• What you should do
The result should be a full, exact repeat of the entries, free of pictures.

[Crawled caption data]
-------
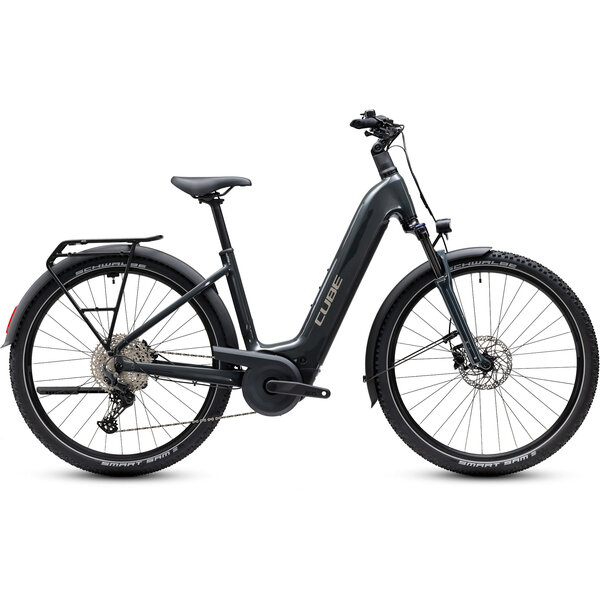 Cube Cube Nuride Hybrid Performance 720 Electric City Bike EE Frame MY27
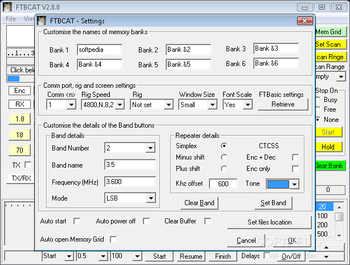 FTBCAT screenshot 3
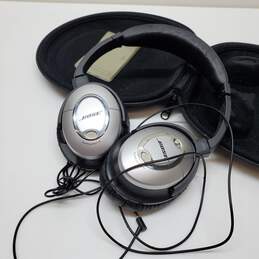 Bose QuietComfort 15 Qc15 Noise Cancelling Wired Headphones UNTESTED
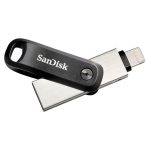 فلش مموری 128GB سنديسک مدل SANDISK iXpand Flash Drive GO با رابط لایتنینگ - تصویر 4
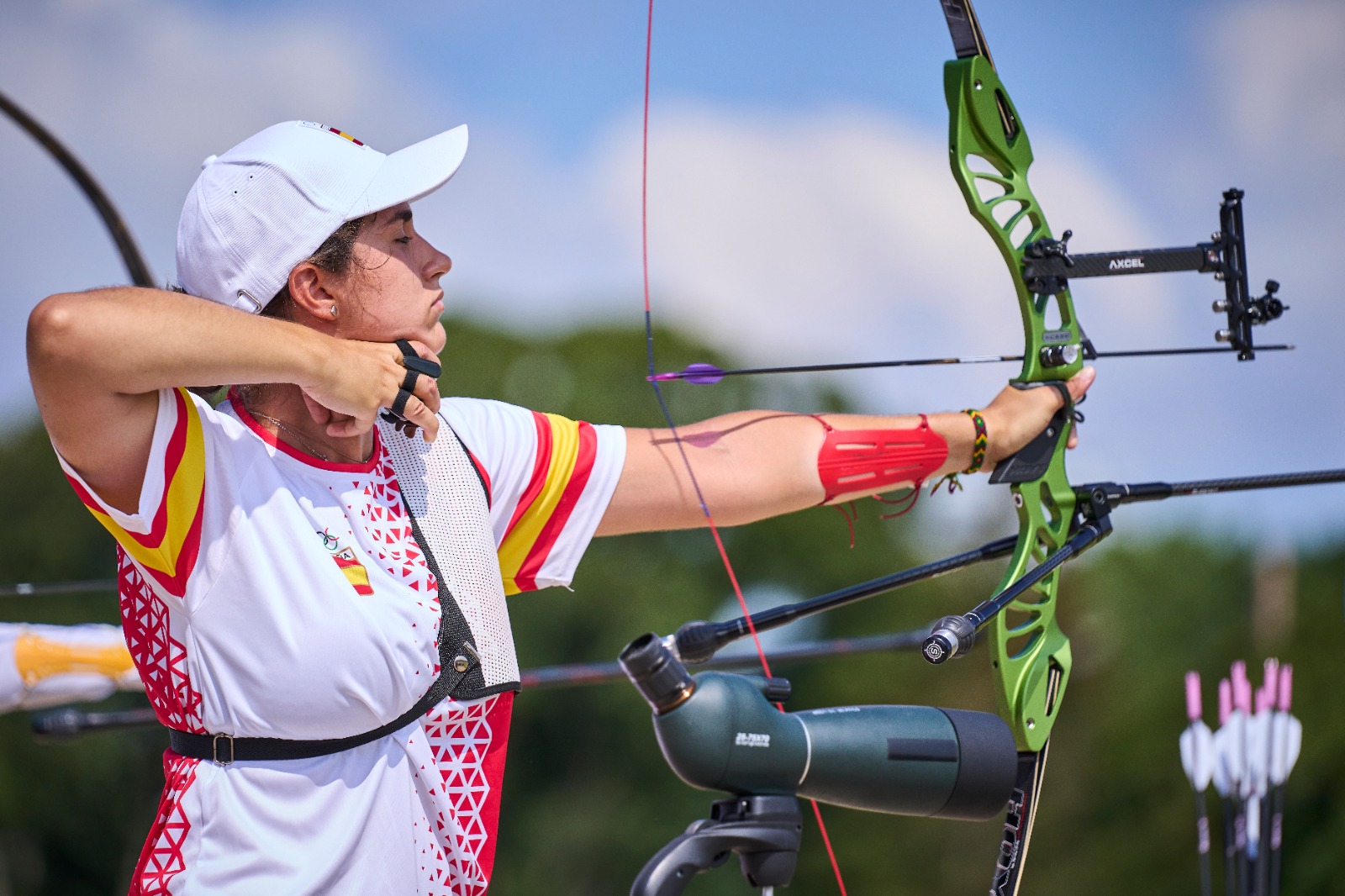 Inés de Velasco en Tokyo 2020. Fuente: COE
-------
• Answer to this exercise
 Cube Cube Nuride Hybrid Performance 720 Electric City Bike EE Frame MY27
 FTBCAT screenshot 3
 Bose QuietComfort 15 Qc15 Noise Cancelling Wired Headphones UNTESTED
 فلش مموری 128GB سنديسک مدل SANDISK iXpand Flash Drive GO با رابط لایتنینگ - تصویر 4
 Inés de Velasco en Tokyo 2020. Fuente: COE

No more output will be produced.